De autoria do próprio Michôd em parceria com Joel Edgerton, o roteiro de O Rei evita esse tipo de armadilha ao focar na gigantesca responsabilidade que recai sobre os ombros do protagonista Hal (Timothée Chalamet), o Rei Henrique V da Inglaterra. Depois que sucede o paranoico e belicoso Henrique IV (Ben Mendelsohn), ele rapidamente percebe a gravidade das decisões e atitudes tomadas por um mandatário nacional.

Esse é um dos poucos aspectos que ainda valem para os dias de hoje: além da economia e da infraestrutura do país, um líder também precisa gerenciar a imagem projetada pelo seu governo. Essa é uma necessidade primitiva se comparada com as necessidades dos estados democráticos, nos quais muitos interesses (às vezes, divergentes) precisam ser levados em conta de forma equilibrada e sofisticada.
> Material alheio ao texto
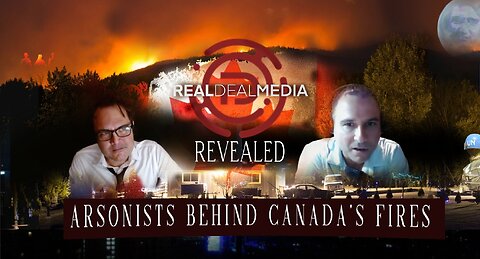 'Arsonists Behind Canada's Fires Revealed'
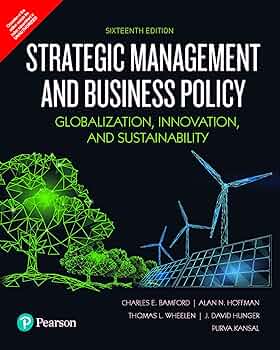 Strategic Management and Business Policy, 16th Edition by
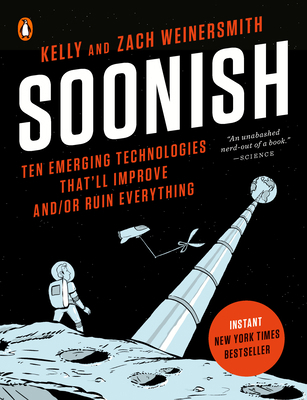 Soonish: Ten Emerging Technologies That'll Impr... 0399563849 Book Cover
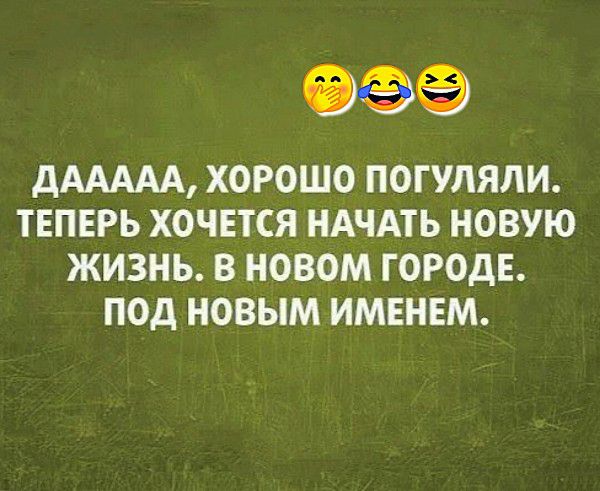 дААААА ХОРОШО ПОГУЛЯЛИ ТЕПЕРЬ ХОЧЕТСЯ НАЧАТЬ НОВУЮ ЖИЗНЬ В НОВОМ ГОРОДЕ ПОД НОВЫМ ИМЕНЕМ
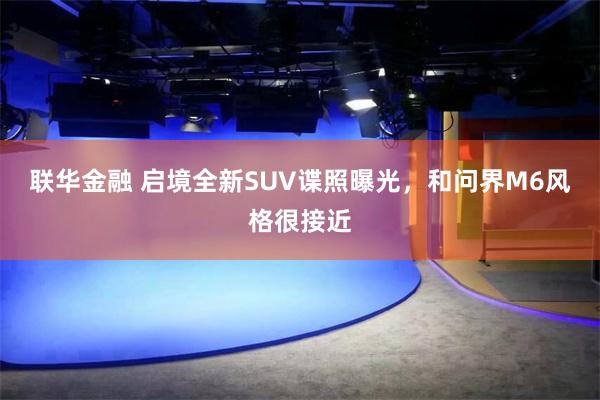 联华金融 启境全新SUV谍照曝光，和问界M6风格很接近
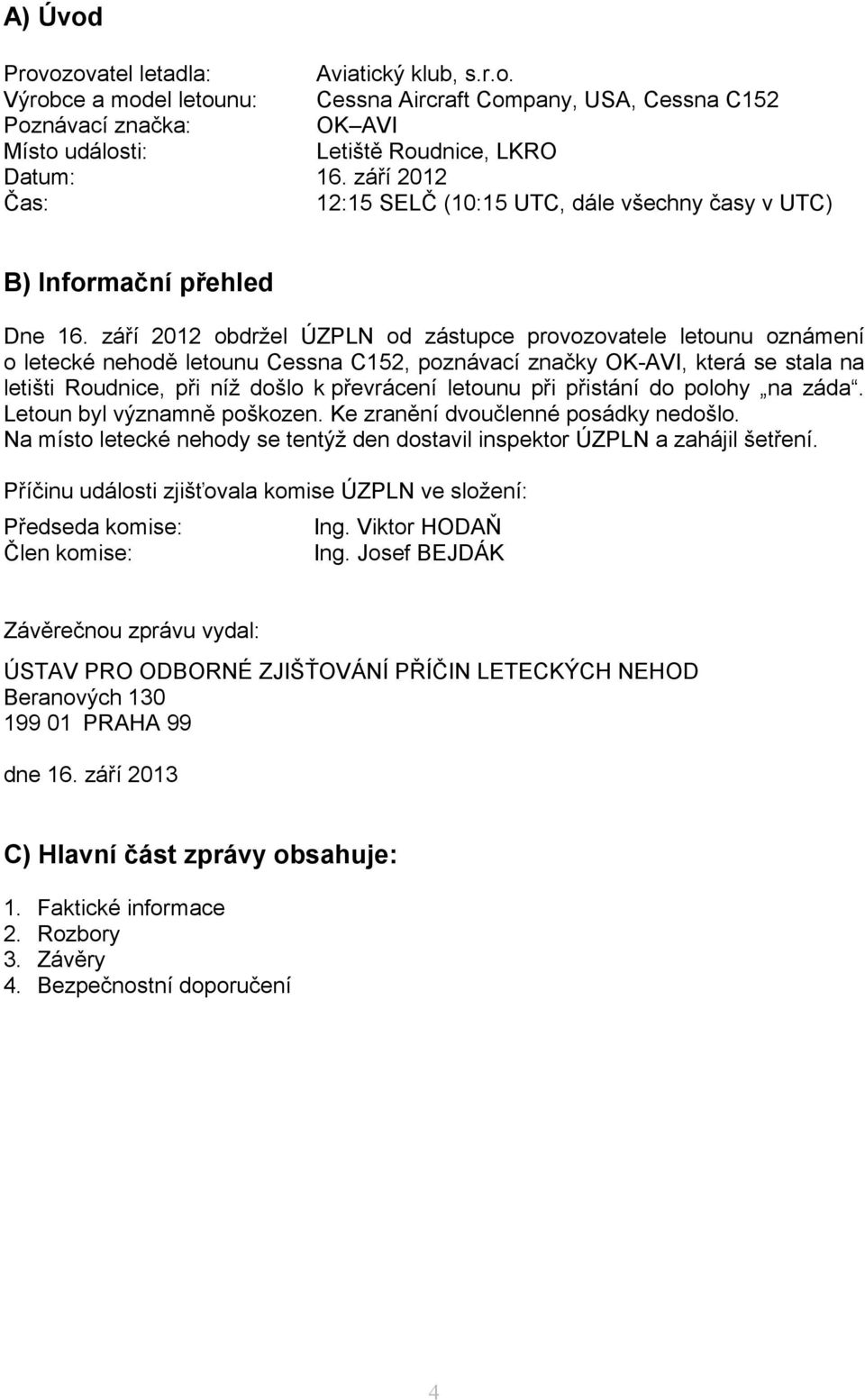 září 2012 obdržel ÚZPLN od zástupce provozovatele letounu oznámení o letecké nehodě letounu Cessna C152, poznávací značky OK-AVI, která se stala na letišti Roudnice, při níž došlo k převrácení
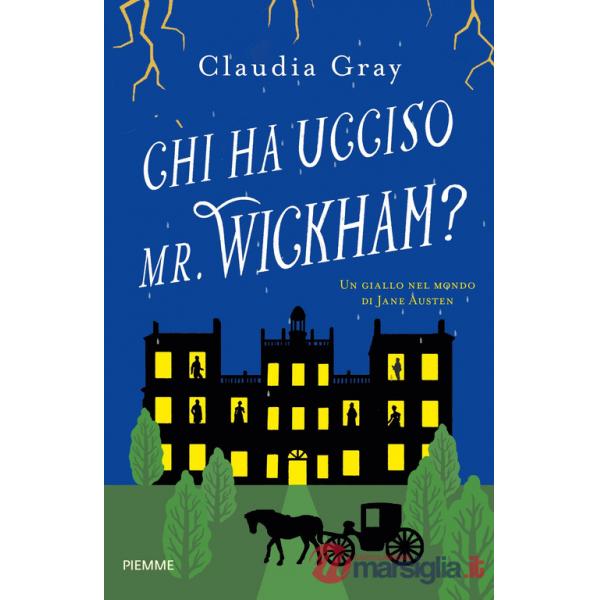 Chi ha ucciso il Mr. Wickham? Un giallo nel mondo di Jane Austen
Nas democracias (diferente, por exemplo, das oligarquias), os interesses de todos os grupos que compõem a nação precisam ser levados em conta.

Esse é um dos motivos pelos quais o poder não deve ser exercido por uma única pessoa. Em O Rei, Hal percebe que junto com o poder monárquico vem a solidão do trono. Por mais que tenha conselheiros e seguidores, nenhum outro homem compartilha sua responsabilidade. Isso não seria um problema se, assim como seu pai, ele não se importasse com os efeitos colaterais e as consequências de longo prazo de suas decisões. Porém, Hal tenta ser um dignitário sério e zeloso com o povo e com a União.
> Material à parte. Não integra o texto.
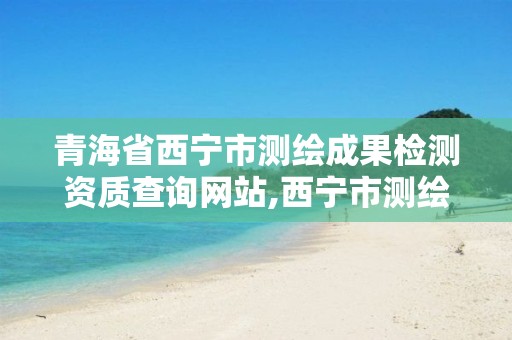 青海省西宁市测绘成果检测资质查询网站,西宁市测绘院招聘公示。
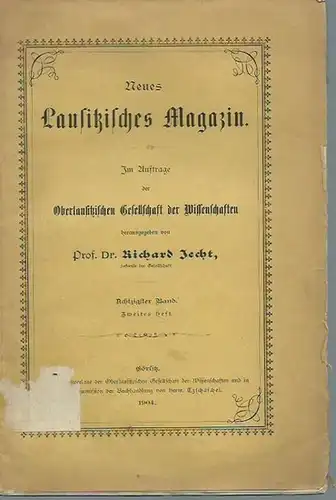 Lausitz. - Richard Jecht (Herausgeber): Neues Lausitzisches Magazin. Band 80, Heft 2. Im Auftrage der Oberlausitzischen Gesellschaft der Wissenschaften herausgegeben von Richard Jecht.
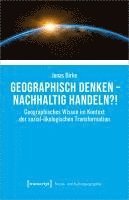 bokomslag Geographisch denken - nachhaltig handeln?!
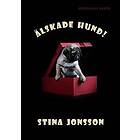 Stina Jonsson: Älskade hund!
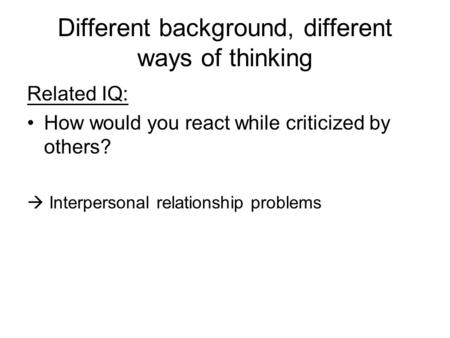 Different background, different ways of thinking Related IQ: How would you react while criticized by others?  Interpersonal relationship problems.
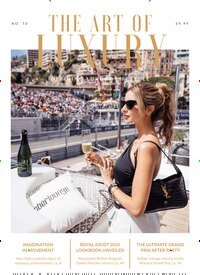 Titelbild der Ausgabe 3/2025 von The Art of Luxury. Diese Zeitschrift und viele weitere Wirtschaftsmagazine und Politikmagazine als Abo oder epaper bei United Kiosk online kaufen.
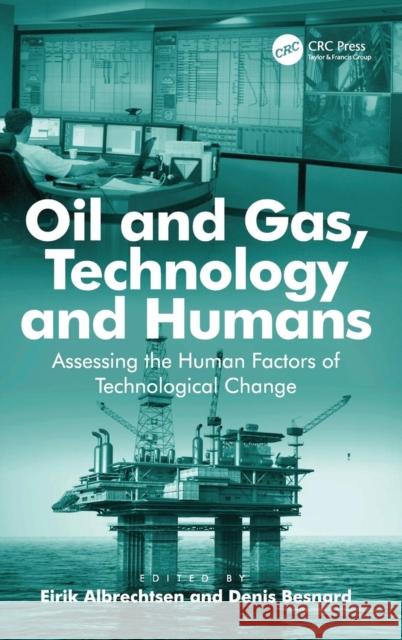 Oil and Gas, Technology and Humans: Assessing the Human Factors of Technological Change. Edited by Eirik Albrechtsen, Denis Besnard Besnard, Denis 9781409456001 Ashgate Publishing Limited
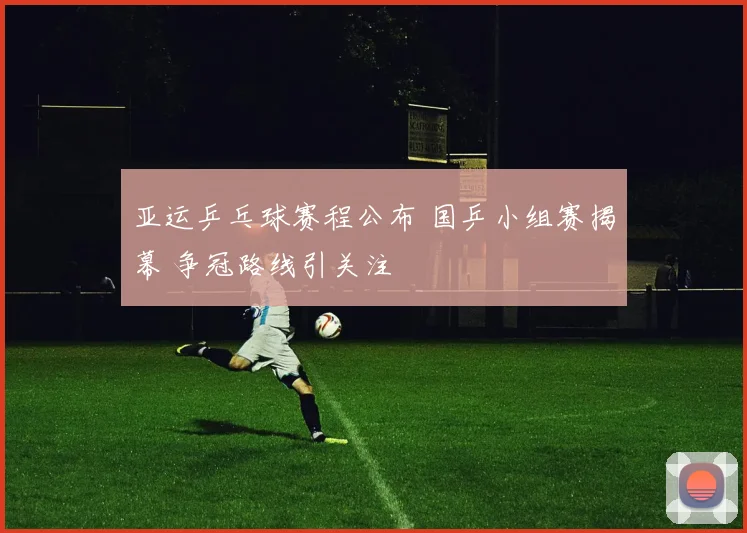 亚运乒乓球赛程公布 国乒小组赛揭幕 争冠路线引关注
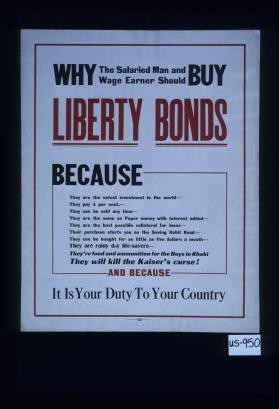 Why the salaried man and wage earner should buy Liberty bonds. Because ... and because it is your duty to your country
the king 2Todas essas questões políticas são abordadas de forma simples, direta e eloquente, tornando o filme uma básica introdução à ciência política. Mesmo a guerra é abordada mais em sua dimensão política do que em termos de patriotismo ou glória. As batalhas são quase anti-climáticas e dificilmente podem ser chamadas de grandiosas. O único aspecto de O Rei que pode ser considerado “épico” é a trajetória de Hal, que de príncipe fanfarrão evolui até se tornar um dos maiores monarcas da História da Inglaterra.

Porém, vale lembrar que essa é uma versão fictícia do rei guerreiro Henrique V. O filme se baseia na ficção histórica de Shakespeare, que, por sua vez, se baseia não apenas na História mas também na lenda de Henrique V. Ele alcançou esse status graças a suas vitórias militares, especialmente a que é representada na peça e no filme, a Batalha de Agincourt. Enquanto o filme mostra rapidamente o momento no qual Hal ordena a execução de todos os prisioneiros de guerra, na vida real ele também ameaçou executar qualquer um que se recusasse a seguir essas ordens (inicialmente, os cavaleiros se opuseram devido ao código de honra da cavalaria medieval ou pela possibilidade de trocar os prisioneiros por resgates pagos pelos familiares).
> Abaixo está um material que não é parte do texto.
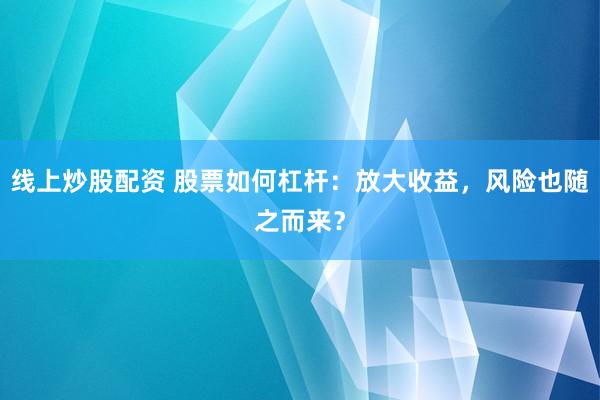 线上炒股配资 股票如何杠杆：放大收益，风险也随之而来？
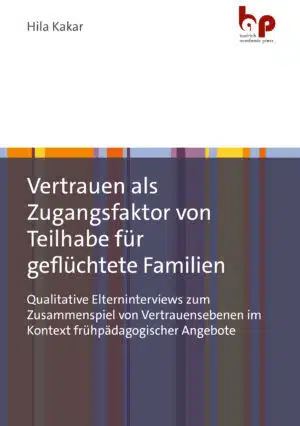 Cover: Vertrauen als Zugangsfaktor von Teilhabe für geflüchtete Familien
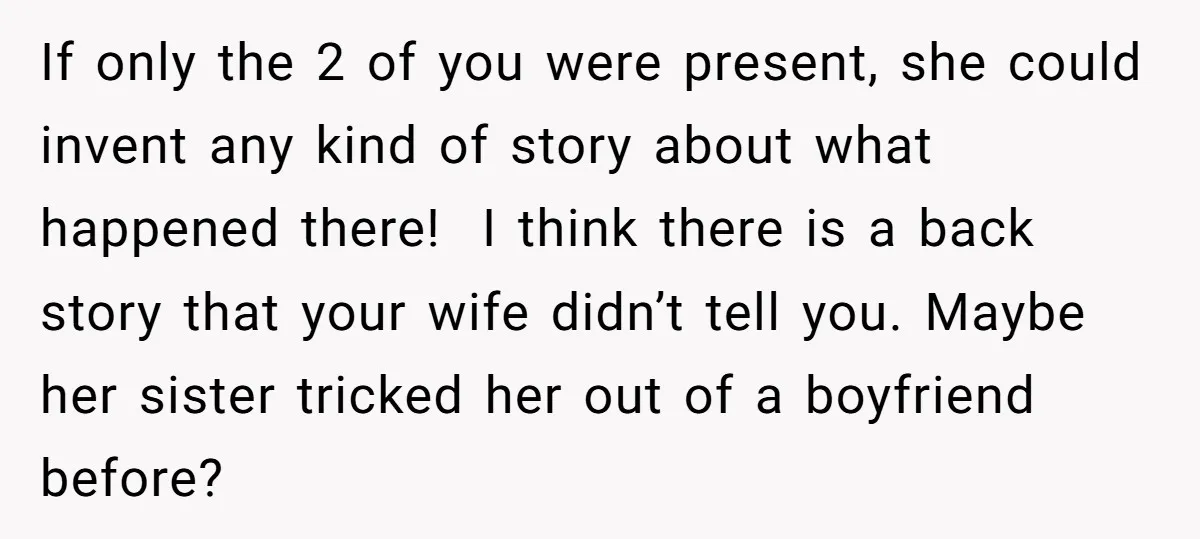 If only the 2 of you were present, she could invent any kind of story about what happened there! I think there is a back story that your wife didn’t...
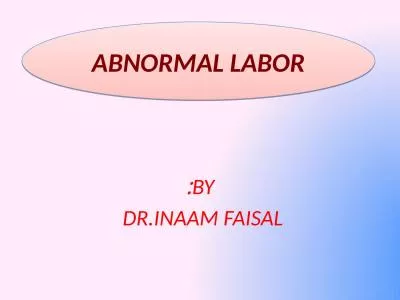 By: Dr.Inaam Faisal  ABNORMAL LABOR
O ator Timothée Chalamet compensa seu físico franzino com uma atuação poderosa e impecável, o que faz com que o espectador jamais duvide de sua força e determinação. Já o impressionante elenco de apoio, composto por nomes como Sean Harris, Joel Edgerton, Ben Mendelsohn e Robert Pattinson, dá um show à parte e faz valer à pena os 140 minutos de duração do filme.

O Rei pode não ser indicado para quem está mais interessado em ação e batalhas épicas, mas é um grande exemplo de drama e thriller político. Mais do que o aspecto histórico, o grande atrativo da produção é o arco dramático de seu protagonista, representado de forma excelente tanto por seu intérprete quanto pela combinação de roteiro e direção.